It's the largest
spectator sport of its kind. Popularly called D-Day, the event begins with an irate client storming into an agency's office, clutching a bunch of papers in one hand. He marches up to the unsuspecting creative guy's desk, as sympathetic servicing guys and peers look on.
He pins the creative fellow with a piercing look and drops the papers in front of him, screeching, "You call this your creative idea?" And then… it's back to the drawing board.
It doesn't take a genius to figure out that D-Day stands for Deadline Day - a day with which most creative folks are familiar. With the clock ticking away and the noose ready nearby, how do admen come up with that elusive brilliant idea?
"Deadlines are obviously crucial in our profession," says V Mahesh, senior creative director, O&M. "But experience has a lot to do with ideating. One gets better with time. If a client corners me today and demands an ad by tomorrow, I may not produce my best, but I will definitely come up with something feasible."
He adds that seven out of ten times, creative guys settle for ideas that are less than ideal because they are handling close to 10 projects at the same time.
"Having said that, one of the best ways to ideate is to have a discussion about life with someone with whom you're comfortable. For me, that person is my partner, Rajiv Rao," Mahesh discloses. Often, he says, during the course of an unrelated conversation, an idea suddenly pops up, the way the idea for Hutch came up.
Over a general, unrelated conversation, Rao and Mahesh came up with the whole 'follow' theme. The original plan was to show a kid sister following her brother. "That felt too saccharine sweet," Mahesh recalls. So, through an intense round of discussions, the idea of the Hutch pug following the little boy took shape.

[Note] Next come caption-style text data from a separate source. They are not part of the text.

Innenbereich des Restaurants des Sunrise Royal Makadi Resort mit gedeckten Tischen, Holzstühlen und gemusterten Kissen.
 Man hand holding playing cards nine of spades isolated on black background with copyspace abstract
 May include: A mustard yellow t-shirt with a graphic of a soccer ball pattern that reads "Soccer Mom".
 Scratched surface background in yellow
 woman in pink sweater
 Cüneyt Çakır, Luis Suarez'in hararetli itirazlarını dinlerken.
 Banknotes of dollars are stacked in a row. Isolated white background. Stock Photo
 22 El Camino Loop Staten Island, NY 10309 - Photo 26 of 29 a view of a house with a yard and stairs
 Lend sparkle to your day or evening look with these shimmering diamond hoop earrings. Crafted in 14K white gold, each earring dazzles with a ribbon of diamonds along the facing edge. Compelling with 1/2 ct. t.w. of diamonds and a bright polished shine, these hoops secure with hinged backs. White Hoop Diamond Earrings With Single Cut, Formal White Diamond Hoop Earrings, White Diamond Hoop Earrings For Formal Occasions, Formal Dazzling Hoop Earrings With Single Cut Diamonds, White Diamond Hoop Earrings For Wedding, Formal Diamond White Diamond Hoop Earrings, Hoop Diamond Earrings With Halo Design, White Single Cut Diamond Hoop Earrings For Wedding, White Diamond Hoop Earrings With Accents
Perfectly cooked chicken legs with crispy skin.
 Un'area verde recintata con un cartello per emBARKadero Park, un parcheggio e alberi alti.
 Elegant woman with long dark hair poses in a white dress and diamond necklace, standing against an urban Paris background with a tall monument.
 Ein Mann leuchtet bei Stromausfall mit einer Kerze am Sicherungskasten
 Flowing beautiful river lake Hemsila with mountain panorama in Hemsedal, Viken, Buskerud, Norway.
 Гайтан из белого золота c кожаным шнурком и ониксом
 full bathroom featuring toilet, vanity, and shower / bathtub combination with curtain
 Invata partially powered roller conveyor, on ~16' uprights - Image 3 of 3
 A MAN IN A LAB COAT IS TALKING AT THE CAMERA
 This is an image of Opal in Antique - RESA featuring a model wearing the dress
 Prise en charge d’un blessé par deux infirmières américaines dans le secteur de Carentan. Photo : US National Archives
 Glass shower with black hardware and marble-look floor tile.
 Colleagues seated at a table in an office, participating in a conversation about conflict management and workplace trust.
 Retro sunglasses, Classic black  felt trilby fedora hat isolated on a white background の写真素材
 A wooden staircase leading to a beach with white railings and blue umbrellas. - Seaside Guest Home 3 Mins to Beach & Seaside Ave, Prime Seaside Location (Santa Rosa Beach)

For Ryan Menezes, national creative director, Mudra, the mantra is solitude.
"I shut my cell phone off, ask not to be disturbed and walk into my cabin," he says. "I sit quietly and concentrate on the brief for one solid hour. The plan is to not allow the slightest shred of panic to enter one's mind."
But not everyone has such tremendous control over their minds. Menezes says he developed this control four years ago, when he was working at Lowe, Nairobi. "We used to work on several briefs at the same time," he recalls. "We didn't even have the time to panic. Out there, I just developed this habit of tossing ideas around in my head at great speed."
Then there are others, among them Josy Paul, national chairman, David, who believe that a break from the current environment, particularly in the form of physical exertion, is what best lures in the ideas. "One needs to physically get oneself into a new groove, away from the rut," Paul says. "I usually go for a jog at the Mahalaxmi Racecourse in Mumbai, or just take a walk somewhere. Usually, I get an idea in an hour's time."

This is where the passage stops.